`int(1)/(sin x cos x + 2cos^(2)x)dx`

To solve the integral \( \int \frac{1}{\sin x \cos x + 2 \cos^2 x} \, dx \), we will follow these steps: ### Step 1: Simplify the Denominator We start by rewriting the denominator: \[ \sin x \cos x + 2 \cos^2 x = \cos^2 x \left( \frac{\sin x}{\cos^2 x} + 2 \right) = \cos^2 x \left( \tan x + 2 \right) \] Thus, we can rewrite the integral as: \[ \int \frac{1}{\cos^2 x (\tan x + 2)} \, dx \] ### Step 2: Rewrite the Integral We can express \( \frac{1}{\cos^2 x} \) as \( \sec^2 x \): \[ \int \frac{\sec^2 x}{\tan x + 2} \, dx \] ### Step 3: Substitution Let \( t = \tan x \).
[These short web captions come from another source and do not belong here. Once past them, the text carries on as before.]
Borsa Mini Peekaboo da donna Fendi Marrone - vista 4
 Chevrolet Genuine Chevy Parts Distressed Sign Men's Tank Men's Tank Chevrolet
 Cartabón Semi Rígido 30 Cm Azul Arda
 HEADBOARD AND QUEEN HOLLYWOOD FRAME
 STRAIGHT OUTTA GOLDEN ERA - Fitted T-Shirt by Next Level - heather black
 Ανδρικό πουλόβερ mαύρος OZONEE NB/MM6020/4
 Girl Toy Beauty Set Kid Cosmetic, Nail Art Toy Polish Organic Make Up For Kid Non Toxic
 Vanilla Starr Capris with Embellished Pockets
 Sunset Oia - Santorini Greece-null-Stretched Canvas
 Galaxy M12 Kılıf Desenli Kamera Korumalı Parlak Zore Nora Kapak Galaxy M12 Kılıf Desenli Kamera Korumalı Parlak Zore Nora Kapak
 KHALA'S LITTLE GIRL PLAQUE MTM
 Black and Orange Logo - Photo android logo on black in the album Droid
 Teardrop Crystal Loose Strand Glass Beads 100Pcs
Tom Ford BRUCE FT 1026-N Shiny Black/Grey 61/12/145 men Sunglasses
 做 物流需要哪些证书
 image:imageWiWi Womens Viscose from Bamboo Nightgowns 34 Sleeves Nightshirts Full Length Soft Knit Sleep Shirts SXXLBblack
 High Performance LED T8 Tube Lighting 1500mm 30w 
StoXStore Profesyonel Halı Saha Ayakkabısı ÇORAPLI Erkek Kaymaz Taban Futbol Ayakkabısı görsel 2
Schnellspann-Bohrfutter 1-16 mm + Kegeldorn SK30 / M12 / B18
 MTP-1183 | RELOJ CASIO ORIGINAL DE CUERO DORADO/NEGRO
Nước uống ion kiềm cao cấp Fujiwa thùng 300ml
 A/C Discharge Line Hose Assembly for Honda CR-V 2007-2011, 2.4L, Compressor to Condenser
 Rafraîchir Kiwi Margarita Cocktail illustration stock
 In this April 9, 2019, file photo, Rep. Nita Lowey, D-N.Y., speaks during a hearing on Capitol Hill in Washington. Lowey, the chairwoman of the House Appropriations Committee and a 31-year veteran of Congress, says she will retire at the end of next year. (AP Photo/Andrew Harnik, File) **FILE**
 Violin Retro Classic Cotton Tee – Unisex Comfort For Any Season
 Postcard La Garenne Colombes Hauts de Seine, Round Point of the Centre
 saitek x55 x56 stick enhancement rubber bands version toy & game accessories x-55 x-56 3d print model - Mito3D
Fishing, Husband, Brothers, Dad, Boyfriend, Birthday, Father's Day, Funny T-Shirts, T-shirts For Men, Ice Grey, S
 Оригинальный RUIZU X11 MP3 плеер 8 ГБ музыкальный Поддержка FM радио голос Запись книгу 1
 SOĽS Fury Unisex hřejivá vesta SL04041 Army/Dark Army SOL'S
Then, we have: \[ dt = \sec^2 x \, dx \quad \Rightarrow \quad dx = \frac{dt}{\sec^2 x} \] Substituting this into the integral gives: \[ \int \frac{1}{t + 2} \, dt \] ### Step 4: Integrate The integral \( \int \frac{1}{t + 2} \, dt \) can be solved as: \[ \ln |t + 2| + C \] ### Step 5: Back Substitute Now, we substitute back \( t = \tan x \): \[ \ln |\tan x + 2| + C \] ### Final Answer Thus, the solution to the integral is: \[ \int \frac{1}{\sin x \cos x + 2 \cos^2 x} \, dx = \ln |\tan x + 2| + C \]